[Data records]
⟨
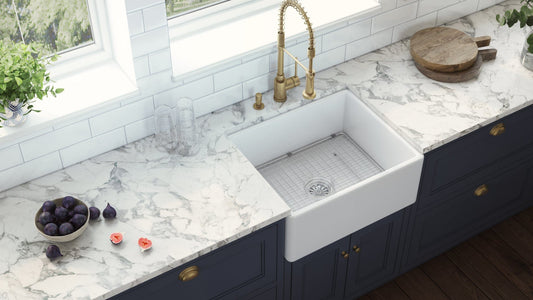 Ruvati Fiamma 23" Fireclay Kitchen Laundry Utility Sink RVL2468WH installed in elegant kitchen cabinetry.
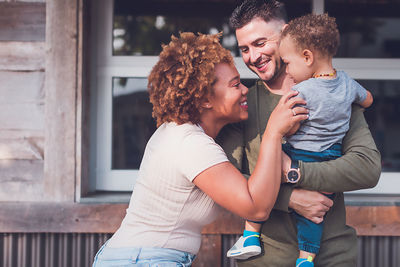 Family of three playing in downtown, mom is trying to make son smile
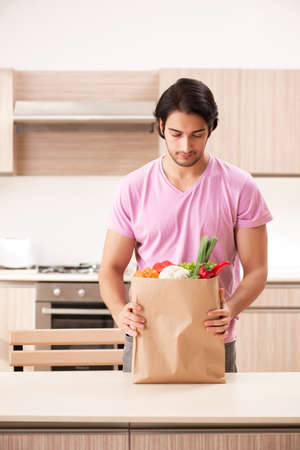 Young handsome man with vegetables in the kitchenの写真素材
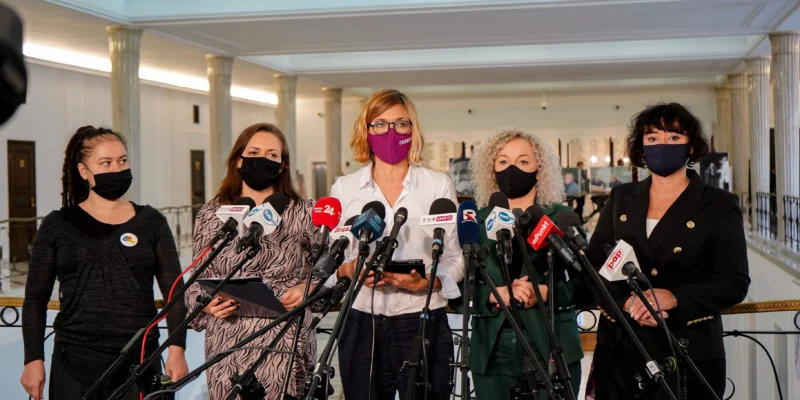 Na zdjęciu widać grupę kobiet stojących przed mikrofonami podczas konferencji prasowej w przestronnym wnętrzu.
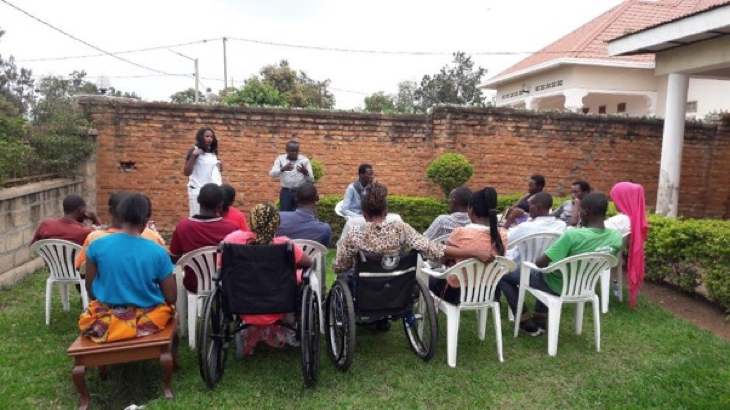 A photo of a group of young people taken from behind. They are sitting on chairs and in wheelchairs while two people who are gesturing stand in front.
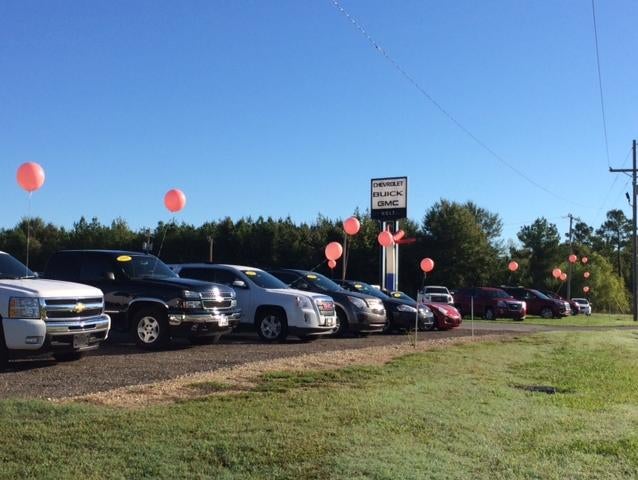 many cars tied with balloons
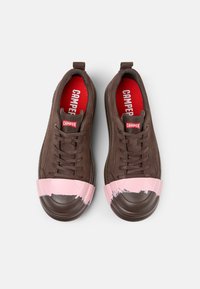Braune Schnürsneaker mit einem pinken Pinselstrich-Design auf der Zehenkappe. Mit rotem Fußbett und strukturiertem Gummisole.
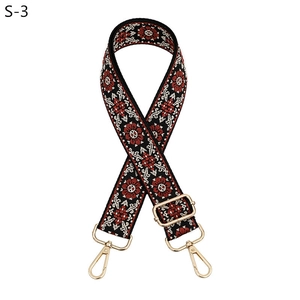 Detail of ethnic floral embroidery on adjustable strap with gold metal lobster clasps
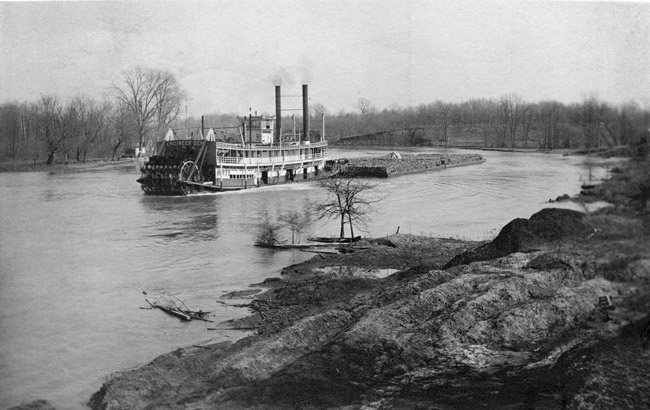 steamboat pushing barge on river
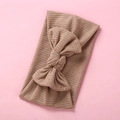 Brown ribbed knit baby headband with a large bow on a soft pink background - Nude
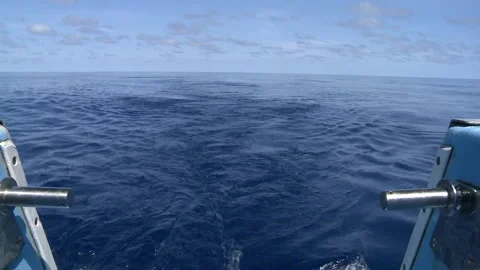 Handheld shot of the engine of a boat creating waves Stock Footage 310539863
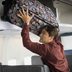 The Real Reason Why a Flight Attendant Won't Lift Your Bag into the Overhead Bin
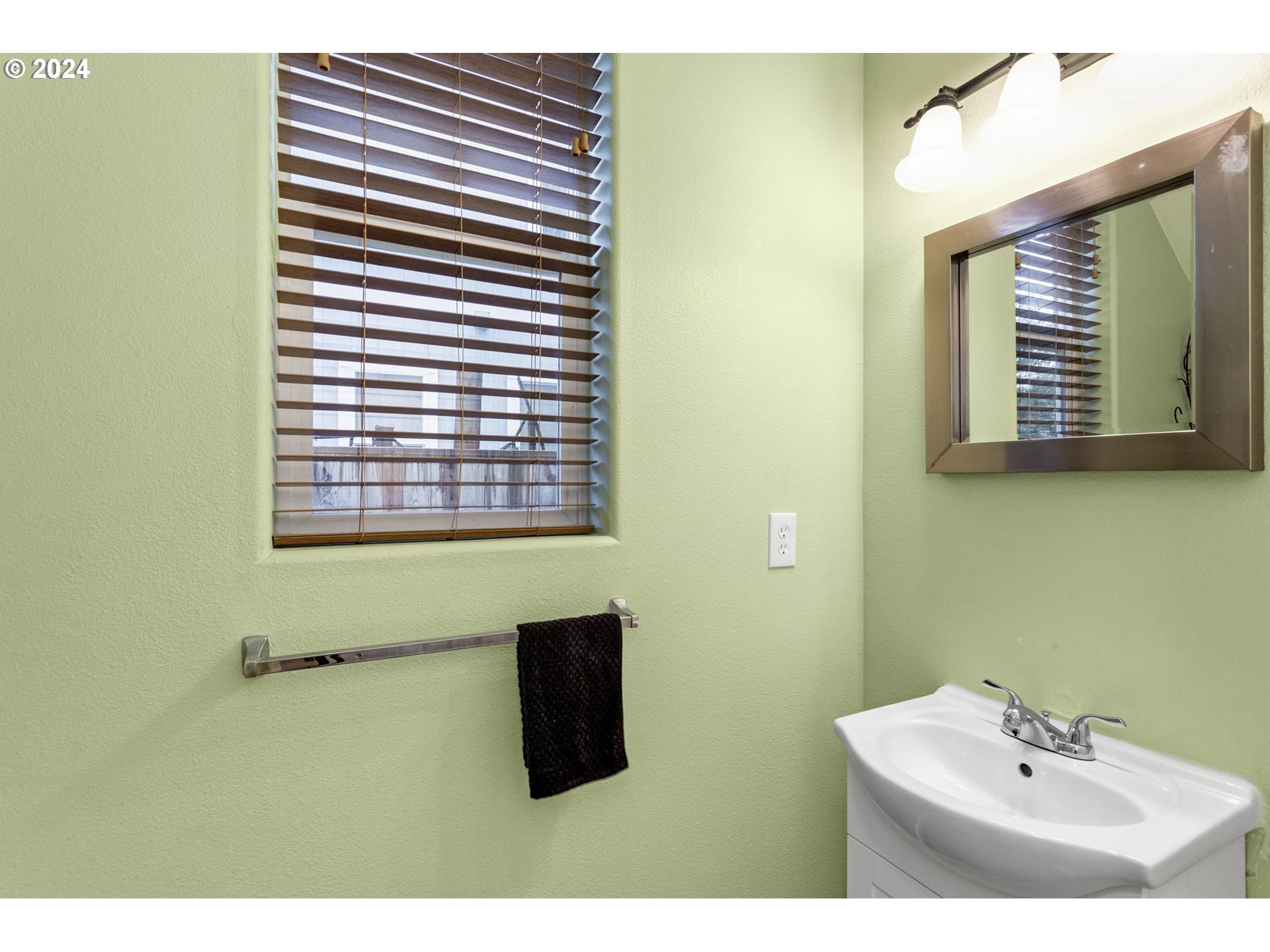 4083 Southwest 182nd Place Beaverton, OR 97078 - Photo 33 of 33 a bathroom with a sink and a mirror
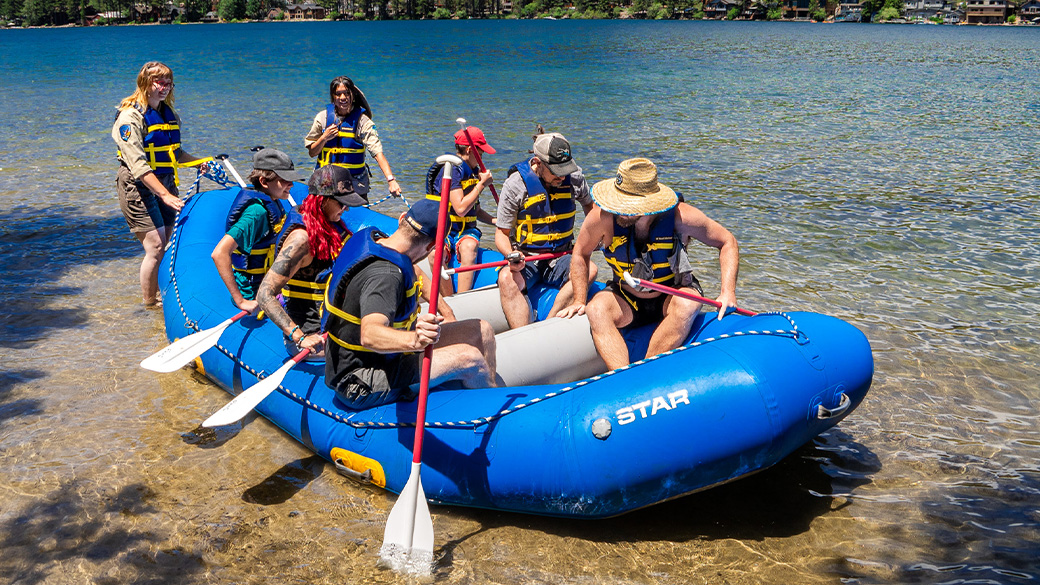 2 Corpsmembers giving instructions, visitors on raft.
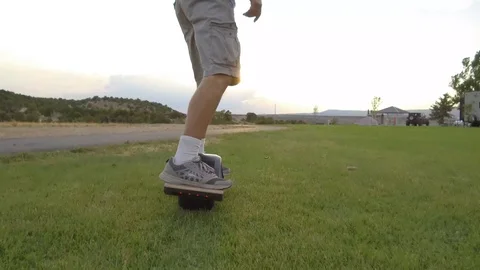 Low Angle Riding OneWheel on Grass HD Stock Footage 97665089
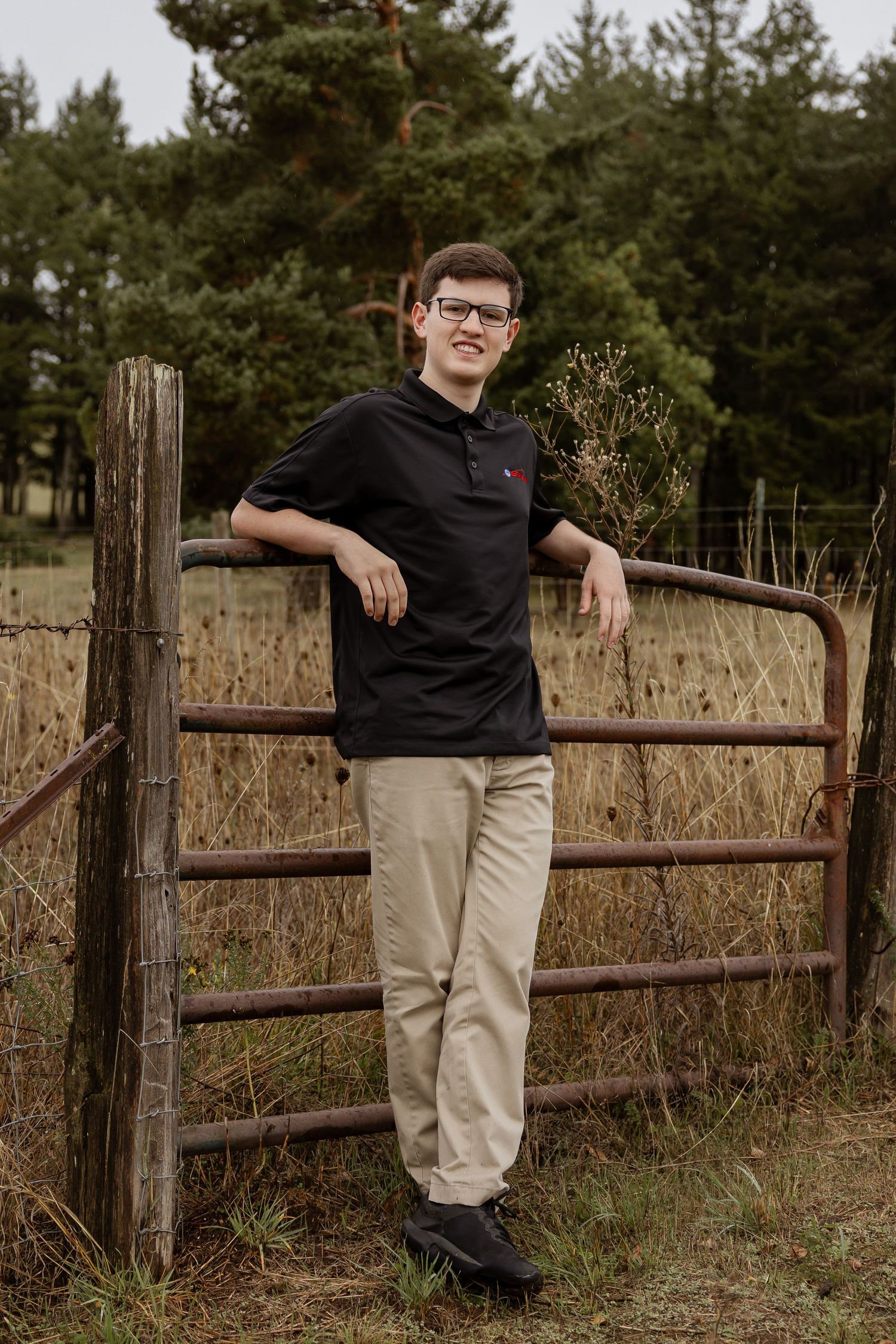 A casual outdoor portrait session with someone wearing a black polo and khaki pants leaning against a rustic wooden fence.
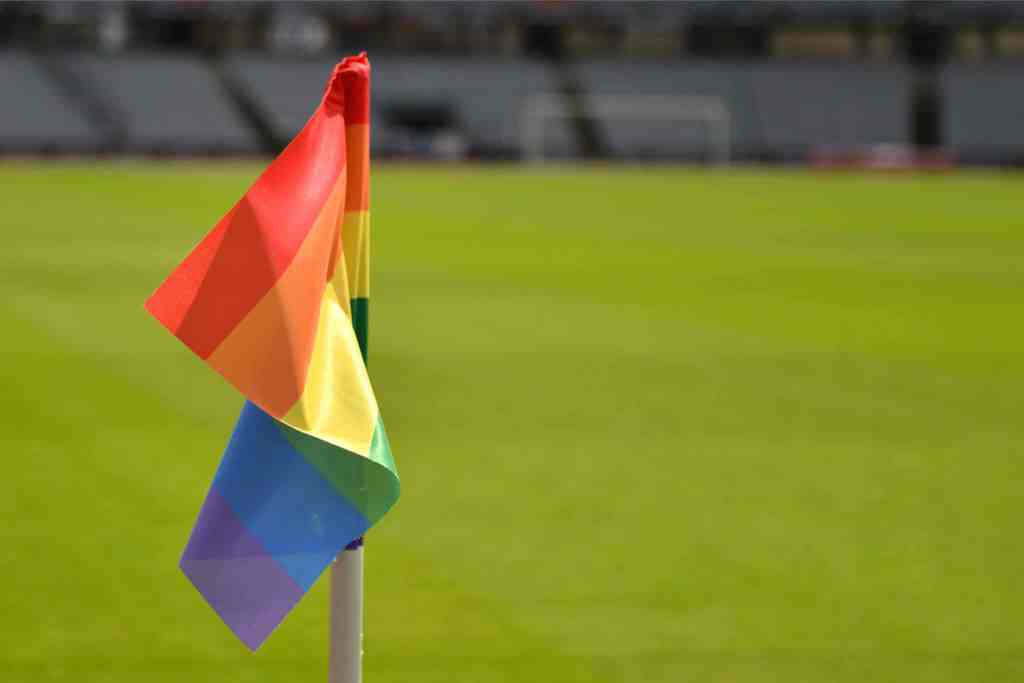 LGBTQ+ flag in a football stadium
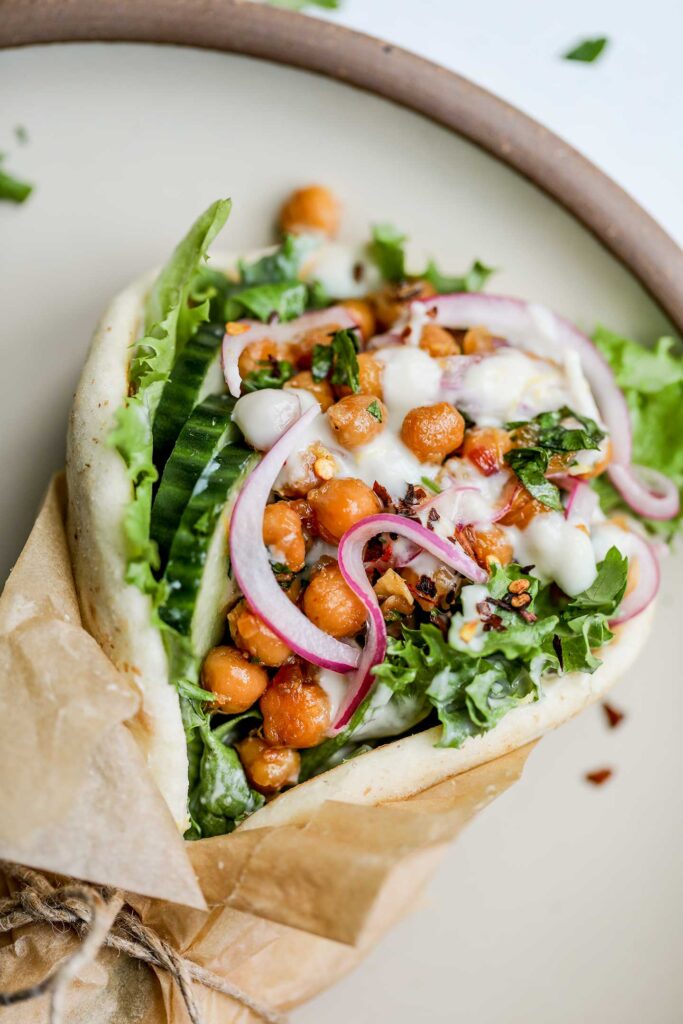 Sticky lemon chickpeas stuffed into a pita wrap loaded with greens, cucumber slices, yogurt sauce and pickled onions.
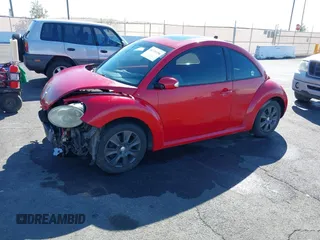 2009 Volkswagen New Beetle Coupe S with VIN 3VWRG31C39M505244, listed as a IAAI auction lot 41733256 with 166,856 mi miles. Bid and sale history available at carsss.com. Image 2.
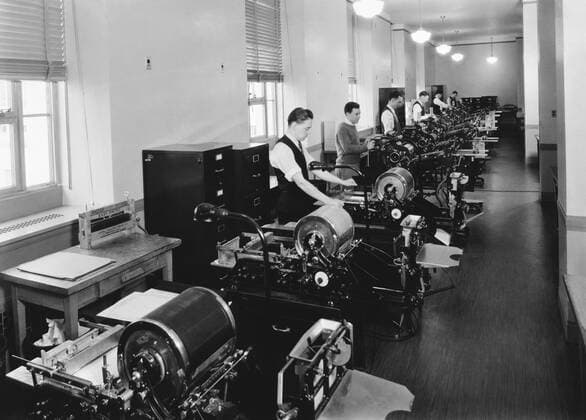Washington, D.C.: c. 1937 Workers running mimeograph and multi-lith machines in the mechanical section of the Federal Bureau of Investigation. xUnderwoodxArchives 1-Off-Equip_9
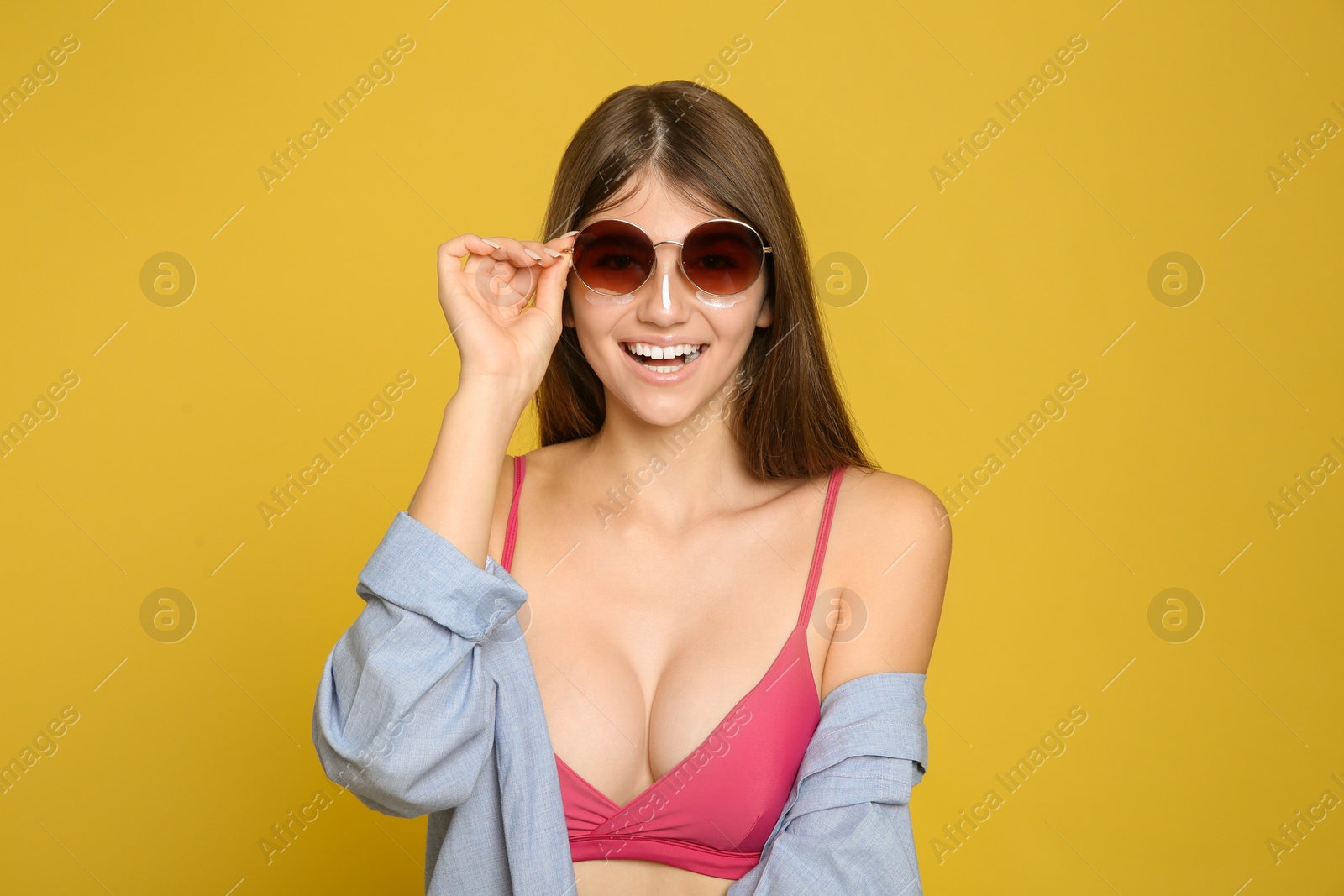 Photo of Teenage girl applying sun protection cream on her face against yellow background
⟩
# PROBLEM REQUIREMENTS
Output every entry above exactly, minus the pictures.

# SOLUTION BELOW
 Ruvati Fiamma 23" Fireclay Kitchen Laundry Utility Sink RVL2468WH installed in elegant kitchen cabinetry.
 Family of three playing in downtown, mom is trying to make son smile
 Young handsome man with vegetables in the kitchenの写真素材
 Na zdjęciu widać grupę kobiet stojących przed mikrofonami podczas konferencji prasowej w przestronnym wnętrzu.
 A photo of a group of young people taken from behind. They are sitting on chairs and in wheelchairs while two people who are gesturing stand in front.
 many cars tied with balloons
Braune Schnürsneaker mit einem pinken Pinselstrich-Design auf der Zehenkappe. Mit rotem Fußbett und strukturiertem Gummisole.
 Detail of ethnic floral embroidery on adjustable strap with gold metal lobster clasps
 steamboat pushing barge on river
 Brown ribbed knit baby headband with a large bow on a soft pink background - Nude
 Handheld shot of the engine of a boat creating waves Stock Footage 310539863
 The Real Reason Why a Flight Attendant Won't Lift Your Bag into the Overhead Bin
 4083 Southwest 182nd Place Beaverton, OR 97078 - Photo 33 of 33 a bathroom with a sink and a mirror
 2 Corpsmembers giving instructions, visitors on raft.
 Low Angle Riding OneWheel on Grass HD Stock Footage 97665089
 A casual outdoor portrait session with someone wearing a black polo and khaki pants leaning against a rustic wooden fence.
 LGBTQ+ flag in a football stadium
 Sticky lemon chickpeas stuffed into a pita wrap loaded with greens, cucumber slices, yogurt sauce and pickled onions.
 2009 Volkswagen New Beetle Coupe S with VIN 3VWRG31C39M505244, listed as a IAAI auction lot 41733256 with 166,856 mi miles. Bid and sale history available at carsss.com. Image 2.
Washington, D.C.: c. 1937 Workers running mimeograph and multi-lith machines in the mechanical section of the Federal Bureau of Investigation. xUnderwoodxArchives 1-Off-Equip_9
 Photo of Teenage girl applying sun protection cream on her face against yellow background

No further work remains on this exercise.